Quick answer: To tell if silver is real, hold a strong magnet to it — genuine silver won't stick. Then place an ice cube on top; real silver's exceptional heat conductivity melts it almost instantly. For confirmation, look for a hallmark like "925," "Sterling," or a BIS stamp (mandatory in India since 2021 for registered jewellers). These three checks alone rule out most fakes in under two minutes.
Still not sure? Run through all seven tests below. Some cost nothing. A couple need basic supplies you already have at home. And for high-value pieces — antique jewellery, silver bars, inherited silverware — the last method gives you a lab-grade answer in 30 seconds flat.
Why Fake Silver Is Such a Big Problem Right Now
Walk into any Sunday bazaar or scroll through a random Instagram jewellery page, and you'll find silver earrings at ₹150 a pair. Some of it is real. A lot of it is white metal, nickel alloy, or rhodium-plated brass dressed up to look like sterling.

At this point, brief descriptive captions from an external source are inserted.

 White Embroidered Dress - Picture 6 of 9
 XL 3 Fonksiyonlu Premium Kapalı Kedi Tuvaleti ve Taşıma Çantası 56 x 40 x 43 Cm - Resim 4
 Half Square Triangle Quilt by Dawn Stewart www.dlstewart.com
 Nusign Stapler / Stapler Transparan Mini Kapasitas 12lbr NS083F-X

Sterling silver (stamped 925) tracks the daily silver spot rate, and at current rates a 10-gram bracelet costs a jeweller several hundred rupees in metal alone — before making charges or profit. When a vendor is selling the same-sized piece for ₹350, the maths simply doesn't work. That's your first red flag. Check the day's silver rate before you buy anything; if the price is below the raw metal value, you already have your answer.
At Amaltaas, we work with handcrafted 92.5 sterling silver every day. The question we hear most often — from customers, from people who've just inherited a piece, from buyers who got stung at a craft fair — is always the same: "How do I know if this is real without damaging it?" These seven tests are our honest answer.

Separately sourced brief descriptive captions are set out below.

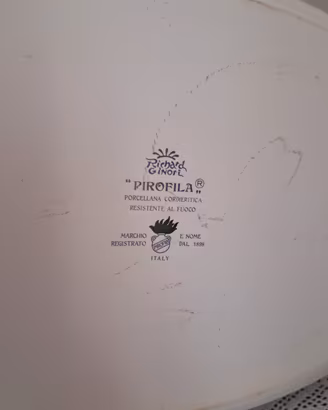 piatto porcellana Richard Ginori vintage 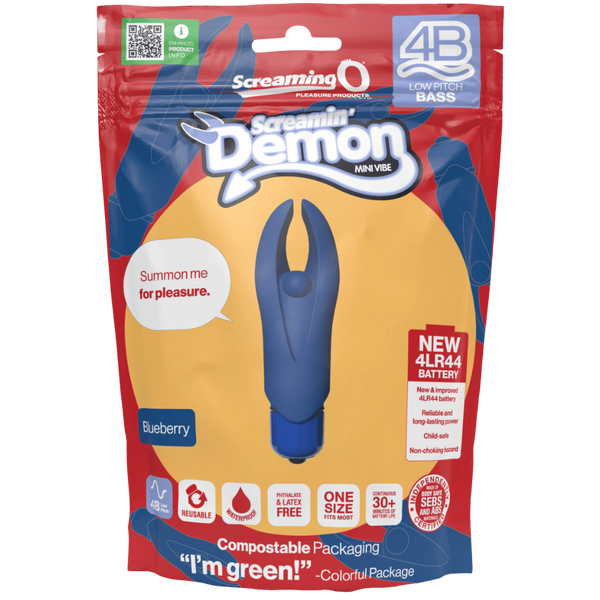 Demon 4B Low Pitch Bass – Deep-Rumbling 5-Speed Vibrator with Silicone Horns > Vibrators > Mini Vibrators - Tophatter Daily Deals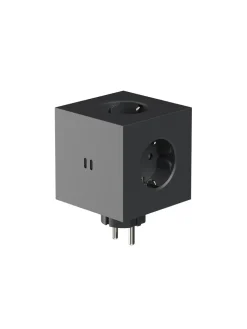 Square 2 Stikdåse med USB, beige fra Avolt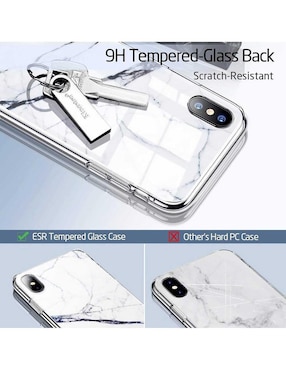 Funda ESR Mimic para iPhone X y Xs cristal marmol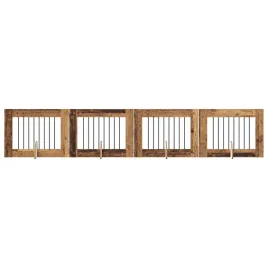 bramka-dla-psow-z-podporkami-4-szt-stare-drewno-80-x-60-cm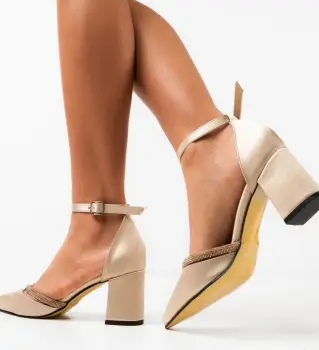 Pantofi dama Filme Bej imagine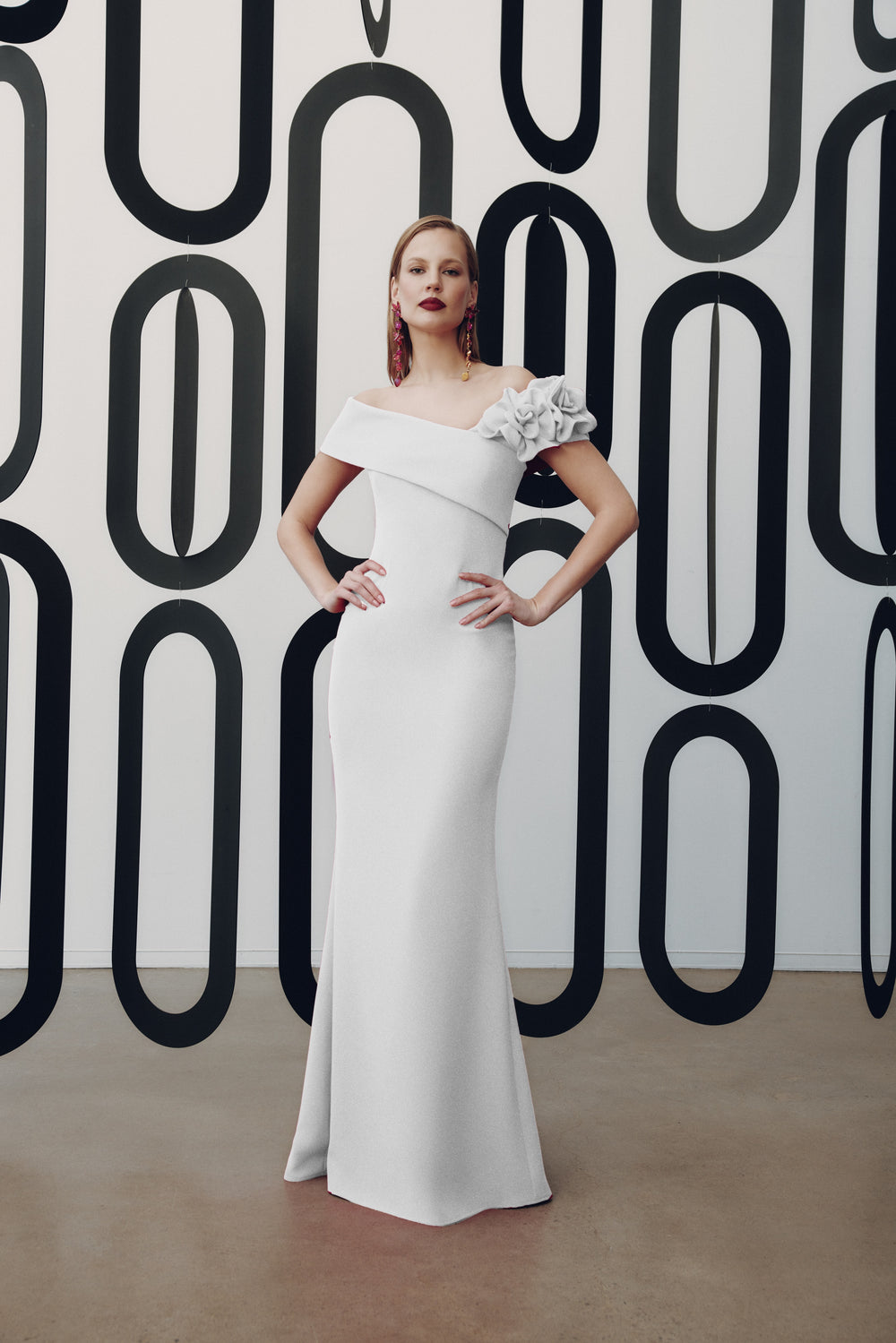 Off-the-Shoulder Gown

A Quick Note on Silver Types Before You Test
Not all silver is the same, and "not genuine" isn't always the same as "worthless." Here's what the stamps actually mean:
- 999 / Fine Silver — 99.9% pure silver. Too soft for most jewellery; used in bars and coins.
- 925 / Sterling Silver — 92.5% silver, 7.5% copper. The standard for jewellery worldwide.
- 800 / 900 — older European or coin silver grades; real silver, just lower purity.
- EPNS / EP / Silver Plate — electroplated nickel silver. The base is not silver. A thin silver wash on top.
- German Silver / Nickel Silver / White Metal / Tibetan Silver — contains zero actual silver. These are decorative names for nickel alloys.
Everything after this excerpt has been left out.